TASK TO COMPLETE:
Repeat the listing verbatim. Drop any pictures.

━━━━━ RECORDED INFORMATION ━━━━━

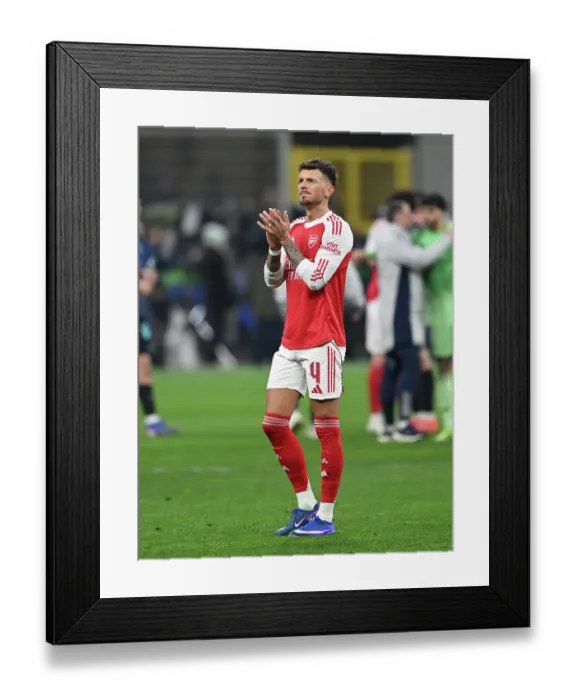 Framed Print : FC Internazionale Milano v Arsenal FC - UEFA Champions League 2025 / 26 League Phase MD7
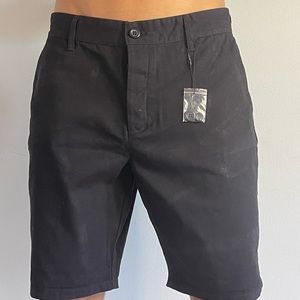 Nwt, nice fitting, comfortable, very stylish with great quality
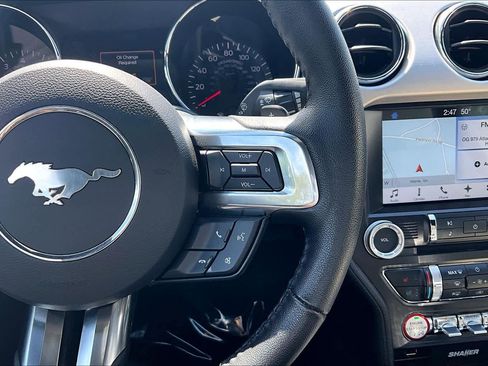 Used 2017 Ford Mustang GT Premium RWD image 25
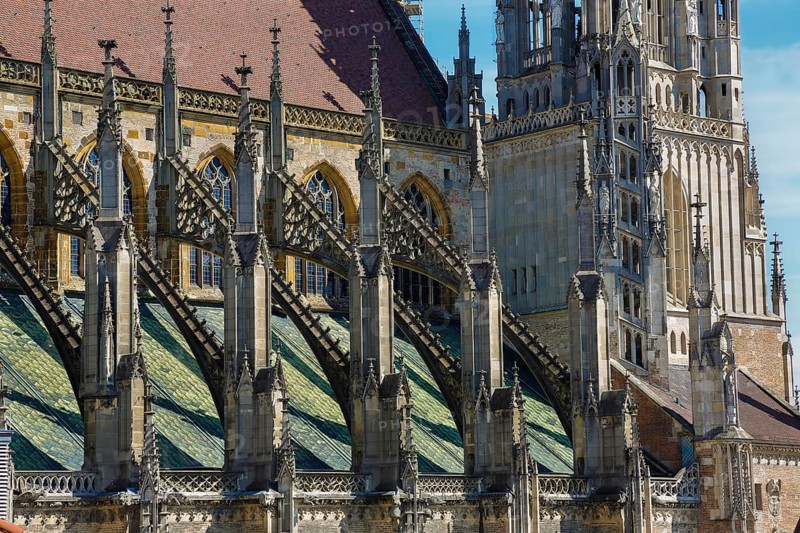 Ulm Minster, south aisle with flying buttresses by Ferdinand Thrän right rear south tower, south choir tower, Cathedral of Our Lady in Ulm, Gothic architectural style, sacred building, Protestant church, Ulm, Baden-Württemberg, Germany, Europe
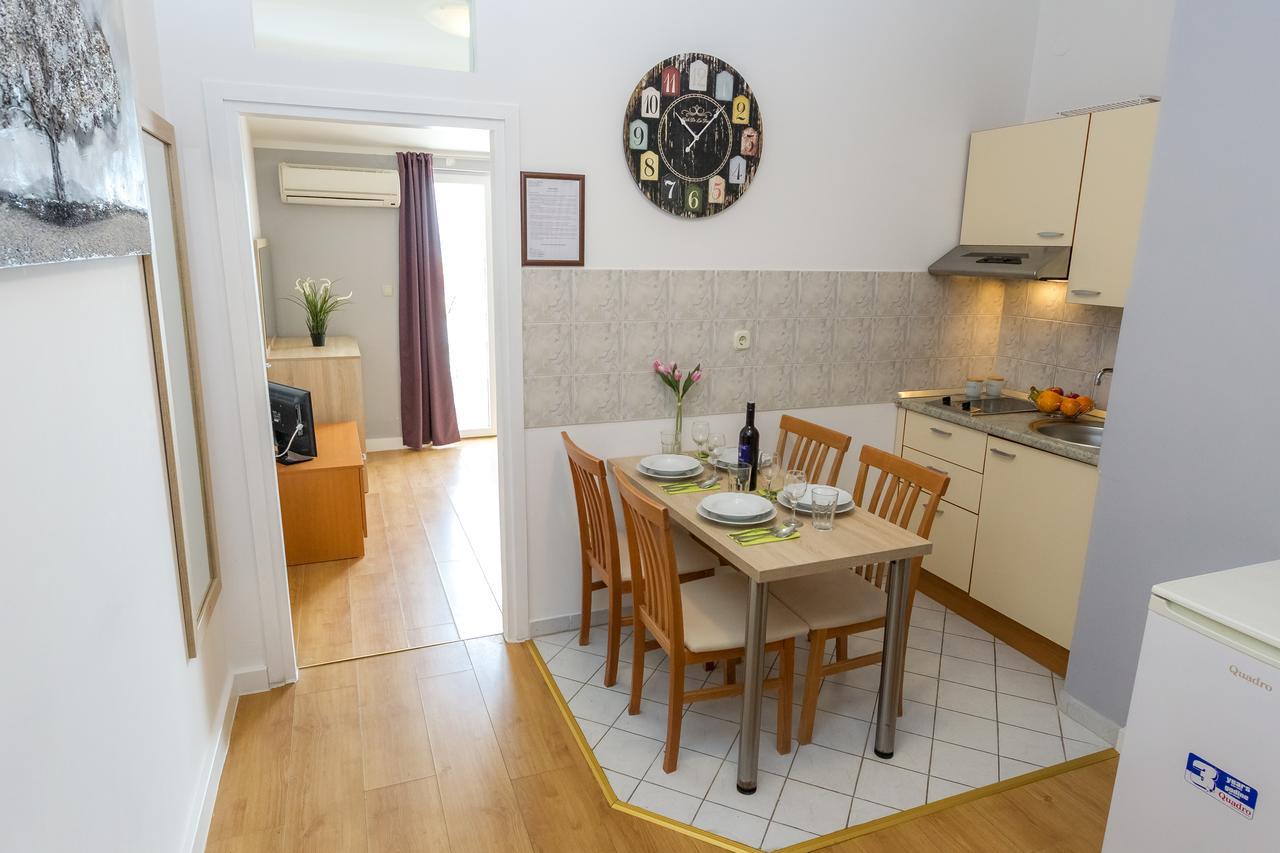 Apartments In City Center Ventus 노바야 외부 사진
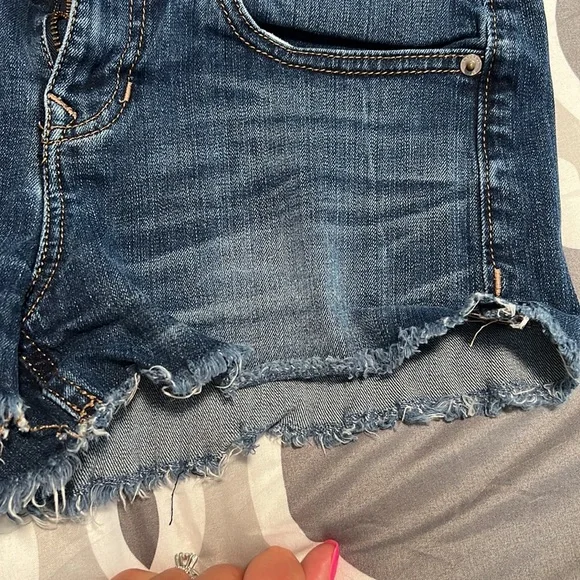 Express Shorts - Denim Blue - Picture 2 of 5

━━━━━

RESPONSE TO THIS EXERCISE:
 Framed Print : FC Internazionale Milano v Arsenal FC - UEFA Champions League 2025 / 26 League Phase MD7
 Nwt, nice fitting, comfortable, very stylish with great quality
 Used 2017 Ford Mustang GT Premium RWD image 25
 Ulm Minster, south aisle with flying buttresses by Ferdinand Thrän right rear south tower, south choir tower, Cathedral of Our Lady in Ulm, Gothic architectural style, sacred building, Protestant church, Ulm, Baden-Württemberg, Germany, Europe
 Apartments In City Center Ventus 노바야 외부 사진
 Express Shorts - Denim Blue - Picture 2 of 5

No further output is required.